Add it all up and this proxy for the soon-to-be-independent HP Enterprise had $13.8 billion in revenues, off 4.3 percent, and operating income of $1.48 billion, up a fraction of a point from a year ago.


Unlike many of its rivals, HP has always provided a fairly detailed revenue breakdown of its broader hardware and services businesses, but it does not give out profit figures for these divisions. The most important unit at HP by far, in terms of its identity as well as its top line, is its Industry Standard Servers division, which is comprised of its traditional ProLiant as well as its new Moonshot and Apollo machines as well as the hyperscale boxes it is making in conjunction with Foxconn. In the quarter, HP’s sales for these machines came to $3.34 billion, up 8 percent as reported and up 15 percent in constant currency. (This latter bit means using the prevailing exchange rates during the third fiscal quarter of last year to convert into dollars, thereby removing the effects of currency exchange fluctuations and therefore, CEOs and CFOs the world over argue, giving a better account of the health of the underlying business).

Lesjak said on the call that margins in the Industry Standard Servers division “were somewhat pressured” because of currency effects and the popularity of density-optimized machines, which is shorthand for the kinds of minimalist machines that hyperscalers and some HPC shops insist upon.


The Business Critical Systems division, which sells Itanium-based machines as well as the new Xeon E7-based Superdome X and NonStop X platforms, had a 21 percent decline as reported, to $184 million; it was only down 15 percent at constant currency, however.

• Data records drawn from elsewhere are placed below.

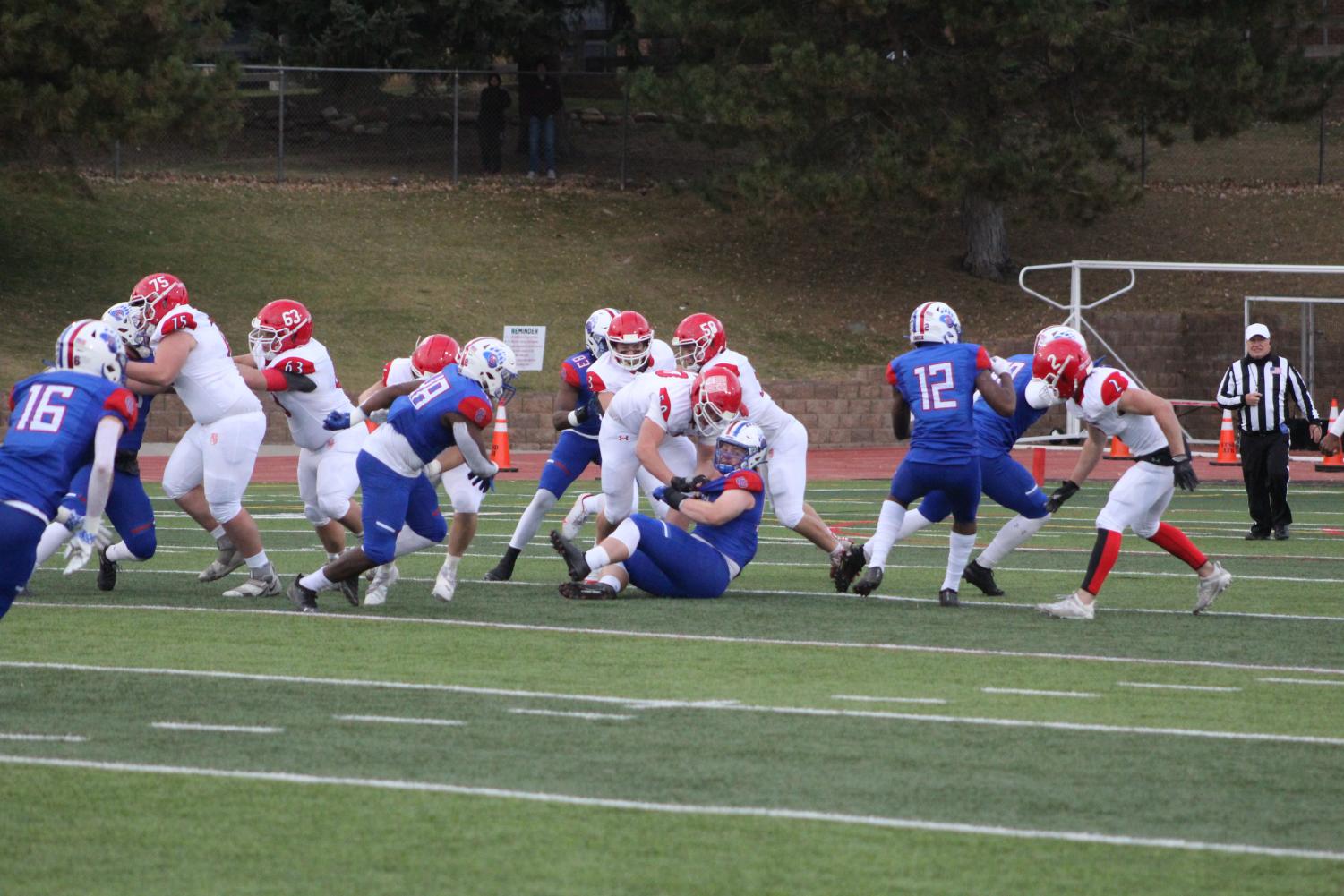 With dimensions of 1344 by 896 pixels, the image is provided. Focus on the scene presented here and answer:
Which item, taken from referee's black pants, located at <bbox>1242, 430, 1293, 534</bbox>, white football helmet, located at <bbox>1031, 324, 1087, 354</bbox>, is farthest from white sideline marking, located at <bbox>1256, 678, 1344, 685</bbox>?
referee's black pants, located at <bbox>1242, 430, 1293, 534</bbox>

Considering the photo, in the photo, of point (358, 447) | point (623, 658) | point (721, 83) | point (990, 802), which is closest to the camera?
point (990, 802)

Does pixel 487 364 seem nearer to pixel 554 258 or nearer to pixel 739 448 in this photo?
pixel 739 448

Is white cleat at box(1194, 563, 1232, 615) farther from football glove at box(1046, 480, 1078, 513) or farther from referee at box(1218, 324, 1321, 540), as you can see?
referee at box(1218, 324, 1321, 540)

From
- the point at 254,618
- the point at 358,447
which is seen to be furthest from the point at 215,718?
the point at 358,447

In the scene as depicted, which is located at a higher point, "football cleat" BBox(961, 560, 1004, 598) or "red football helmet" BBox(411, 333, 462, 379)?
"red football helmet" BBox(411, 333, 462, 379)

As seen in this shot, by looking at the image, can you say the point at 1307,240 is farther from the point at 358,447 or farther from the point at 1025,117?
the point at 358,447

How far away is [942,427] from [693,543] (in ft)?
4.95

HP’s storage business, thanks to the uptake in modern storage arrays and particularly flash-based 3PAR arrays, did fairly well compared to recent quarters, with revenues up 7 percent at constant currency and only falling 2 percent as reported, to $784 million. HP’s so-called “converged storage” portfolio, meaning 3PAR and LeftHand Networks gear plus come hyperconverged products like the EVO:RAIL and StoreVirtual, grew 18 percent at constant currency in the third fiscal quarter according to Lesjak, and these products together now account for more than half of HP’s storage revenues. That growth is not quite enough to keep the overall storage business from falling, not when currency is shaving off double-digit percentages on sales outside of the US in some markets. High-end storage, by which HP means adding 3PAR plus its existing EVA and XP product lines, had 13 percent growth at constant currency. (Shave about 9 points off these figures to get the as-reported growth rates.) All flash storage sales for HP rose by 400 percent in the quarter, attesting to the burgeoning popularity of NAND flash in the datacenter, but the revenues are still relatively small.

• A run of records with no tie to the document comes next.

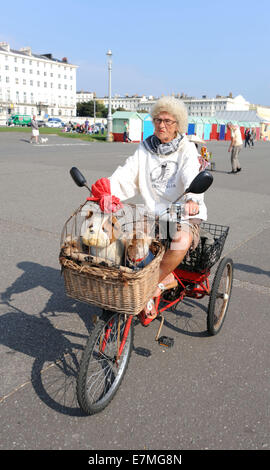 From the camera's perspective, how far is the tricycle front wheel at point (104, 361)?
A: 227 cm

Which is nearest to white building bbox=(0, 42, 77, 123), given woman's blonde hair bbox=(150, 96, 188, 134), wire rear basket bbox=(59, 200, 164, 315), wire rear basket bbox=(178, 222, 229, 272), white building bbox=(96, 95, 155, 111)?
white building bbox=(96, 95, 155, 111)

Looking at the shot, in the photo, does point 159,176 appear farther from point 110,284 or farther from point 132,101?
point 132,101

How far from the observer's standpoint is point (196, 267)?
3.32 metres

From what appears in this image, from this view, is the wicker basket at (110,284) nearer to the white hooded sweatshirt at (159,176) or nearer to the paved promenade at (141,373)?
the paved promenade at (141,373)

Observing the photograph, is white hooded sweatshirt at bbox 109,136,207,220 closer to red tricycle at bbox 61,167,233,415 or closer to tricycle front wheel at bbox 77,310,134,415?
red tricycle at bbox 61,167,233,415

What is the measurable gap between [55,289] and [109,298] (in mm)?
2100

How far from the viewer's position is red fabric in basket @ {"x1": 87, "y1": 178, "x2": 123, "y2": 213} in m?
2.30

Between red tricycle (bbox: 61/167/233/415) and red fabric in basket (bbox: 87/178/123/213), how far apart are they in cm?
28

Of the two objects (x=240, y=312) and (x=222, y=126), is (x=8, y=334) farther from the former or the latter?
(x=222, y=126)

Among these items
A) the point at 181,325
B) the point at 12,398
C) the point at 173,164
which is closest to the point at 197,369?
the point at 181,325

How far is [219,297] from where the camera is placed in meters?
3.35

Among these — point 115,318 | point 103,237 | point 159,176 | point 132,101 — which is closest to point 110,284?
point 103,237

HP Networking has been bolstered significantly from the acquisition of Aruba Networks in March for $2.7 billion. Meg Whitman, CEO at HP and who will have that same position at HP Enterprise after the breakup on November 1, said on the call that at constant currency and including the Aruba bump, the networking business had a 28 percent revenue bump in the third fiscal quarter, with “strong performance in all regions except China.” HP’s new partnership with Tsinghua University in China is helping push sequential growth at least, Whitman said, adding that even without Aruba, the HP networking business grew by “mid-single digits” at constant currency. But as reported in US dollars, this business declined. Including Aruba, the networking division had sales of $823 million, up 22 percent.

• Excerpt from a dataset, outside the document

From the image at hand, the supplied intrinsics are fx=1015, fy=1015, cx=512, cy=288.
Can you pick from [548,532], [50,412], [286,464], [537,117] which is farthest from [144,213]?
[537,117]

The race is now on to see if storage or networking will reach $1 billion in actual sales in a quarter – and sustain it – for HP Enterprise. If HP’s networking and storage businesses reflected the markets at large, then relative to the size of its system business, both networking and storage should be well above $1.5 billion. That will be a tall order in a world that is switching to storage servers and sever SANs instead of storage appliances as we are accustomed to. But that is, in fact, what customers and Wall Street expect HP to do – get its share.